Article ID: | iaor2007541 |
Country: | Netherlands |
Volume: | 103 |
Issue: | 1 |
Start Page Number: | 347 |
End Page Number: | 361 |
Publication Date: | Jan 2006 |
Journal: | International Journal of Production Economics |
Authors: | Chen Jian, Chen Haoya, Chen Youhua (Frank) |
Keywords: | production, supply & supply chains |
We consider the coordination of a supply chain with a long leadtime and demand information updating. In such a supply chain the initial production or key material procurement decision has to be made when there is limited information about the market demand. When it is the time for the final production and/or shipment decision, more accurate demand information is available, which allows the modification of the initial decision so that some costs can be saved. We consider a two-stage supply chain in which the manufacturer decides the initial production quantity in the first stage, and the retailer specifies her order quantity in the second stage after the demand forecast is improved.

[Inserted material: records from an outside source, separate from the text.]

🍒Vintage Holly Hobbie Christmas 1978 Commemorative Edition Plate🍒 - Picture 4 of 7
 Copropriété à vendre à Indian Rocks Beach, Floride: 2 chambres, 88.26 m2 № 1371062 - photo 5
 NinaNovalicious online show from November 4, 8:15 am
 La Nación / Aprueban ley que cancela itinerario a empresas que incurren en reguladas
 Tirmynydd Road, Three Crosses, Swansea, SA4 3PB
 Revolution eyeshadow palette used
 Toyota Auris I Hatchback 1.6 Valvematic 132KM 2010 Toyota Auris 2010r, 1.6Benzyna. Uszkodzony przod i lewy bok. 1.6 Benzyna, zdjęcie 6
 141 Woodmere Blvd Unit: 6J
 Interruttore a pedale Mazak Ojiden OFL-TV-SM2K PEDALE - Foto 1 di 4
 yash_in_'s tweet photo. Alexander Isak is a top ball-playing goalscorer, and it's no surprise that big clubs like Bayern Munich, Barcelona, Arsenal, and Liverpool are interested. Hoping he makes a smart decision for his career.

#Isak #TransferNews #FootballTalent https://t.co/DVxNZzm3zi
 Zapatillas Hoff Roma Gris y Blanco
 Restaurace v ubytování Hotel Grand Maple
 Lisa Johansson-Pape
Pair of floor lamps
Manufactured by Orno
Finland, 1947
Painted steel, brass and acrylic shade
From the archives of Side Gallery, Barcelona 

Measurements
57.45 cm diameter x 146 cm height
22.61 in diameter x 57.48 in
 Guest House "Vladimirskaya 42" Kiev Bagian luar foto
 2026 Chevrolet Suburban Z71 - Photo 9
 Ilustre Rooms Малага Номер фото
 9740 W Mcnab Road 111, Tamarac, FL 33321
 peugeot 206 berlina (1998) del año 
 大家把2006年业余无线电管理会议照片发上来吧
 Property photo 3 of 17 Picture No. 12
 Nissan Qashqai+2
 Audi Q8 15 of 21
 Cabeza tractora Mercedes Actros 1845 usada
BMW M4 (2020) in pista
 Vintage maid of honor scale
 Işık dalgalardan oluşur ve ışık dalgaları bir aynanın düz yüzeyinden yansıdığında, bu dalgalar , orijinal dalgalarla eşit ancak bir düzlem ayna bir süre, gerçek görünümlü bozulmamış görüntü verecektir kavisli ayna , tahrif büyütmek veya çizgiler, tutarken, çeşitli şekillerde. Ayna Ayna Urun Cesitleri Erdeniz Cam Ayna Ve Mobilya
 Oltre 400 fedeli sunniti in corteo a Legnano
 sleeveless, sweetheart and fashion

In this setting, the conventional return mechanism needs to be modified to coordinate the supply chain. We propose a risk sharing contract that requests the retailer to partially compensate for the manufacturer's loss that is attributable to the overproduction in the first stage, and the manufacturer to provide a partial credit for the retailer's loss that results from overstocking in the second stage. Such a contract not only extracts the maximal supply-chain profit, but can also improve the profit of each supply-chain member by tuning the contract parameters.